Segundo a avaliação dos médicos, Petrópolis pode seguir o mesmo caminho do colapso na saúde como unidades de municípios vizinhos - Reprodução
Segundo a avaliação dos médicos, Petrópolis pode seguir o mesmo caminho do colapso na saúde como unidades de municípios vizinhosReprodução
Por O Dia
Petrópolis - Todos os decretos municipais que têm como objetivo o combate ao coronavírus foram estendidos até o dia 24 de maio. A medida foi tomada pelo prefeito Bernardo Rossi após ouvir a recomendação de diretores de hospitais e especialistas, para evitar mais mortes e um colapso no sistema de saúde, já que os casos da doença têm crescido no município. “Temos visto municípios entrarem em colapso com o relaxamento das ações de prevenção. A nossa prioridade agora é a saúde dos petropolitanos. O isolamento social é fundamental nesse momento. Ouvimos muitos médicos, especialistas e quem está na linha de frente para tomar essa decisão”, frisa o prefeito.

A situação do município vem sendo analisada a cada dia. Após a avaliação da equipe do governo e especialistas, uma nova prorrogação, ou até mesmo medidas mais restritivas, também não estão descartadas.
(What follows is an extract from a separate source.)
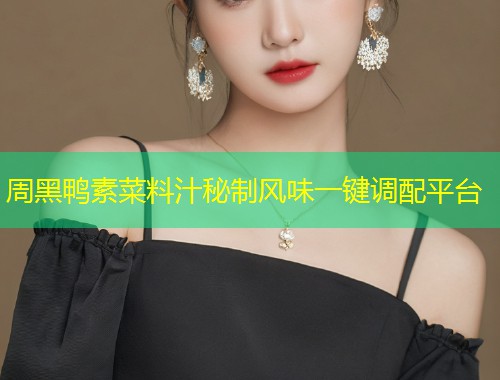 周黑鸭素菜料汁秘制风味一键调配平台  第1张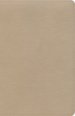KJV Thinline Bible, Gold LeatherTouch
Todas as ações serão tomadas de acordo com a curva da doença na cidade.

Até este sábado, o município contabiliza 18 mortes e 218 casos confirmados de coronavírus. 91 pessoas - sendo 47 em leitos de UTI - estão internadas em toda a rede de saúde. Em 24 horas, 17 pessoas foram internadas.

Na última sexta-feira, a equipe da prefeitura se reuniu com representantes médicos de todas as unidades de saúde, públicas e privadas do município. Bernardo Rossi quis ouvir a opinião dos especialistas na área da saúde para fazer um balanço comparativo sobre os números da doença na cidade desde o início das medidas tomadas para combater o coronavírus. Segundo a avaliação dos médicos, Petrópolis pode seguir o mesmo caminho do colapso na saúde como unidades de municípios vizinhos caso haja um relaxamento nas medidas vigentes.

Os decretos atuais terminariam nesta segunda-feira, dia 11. “A gente vai continuar medindo a curva dia a dia. Já temos um plano pronto para a volta gradual do comércio após o fim dos decretos, mas isso vai depender muito de como vai estar a curva, do quanto os decretos serão respeitados. A prioridade é salvar vidas e evitar a proliferação desenfreada da doença. Os números nos mostram que precisamos frear essa curva. E isso só vai ser possível com a colaboração de todos, com as pessoas ficando em casa”, completa Bernardo Rossi.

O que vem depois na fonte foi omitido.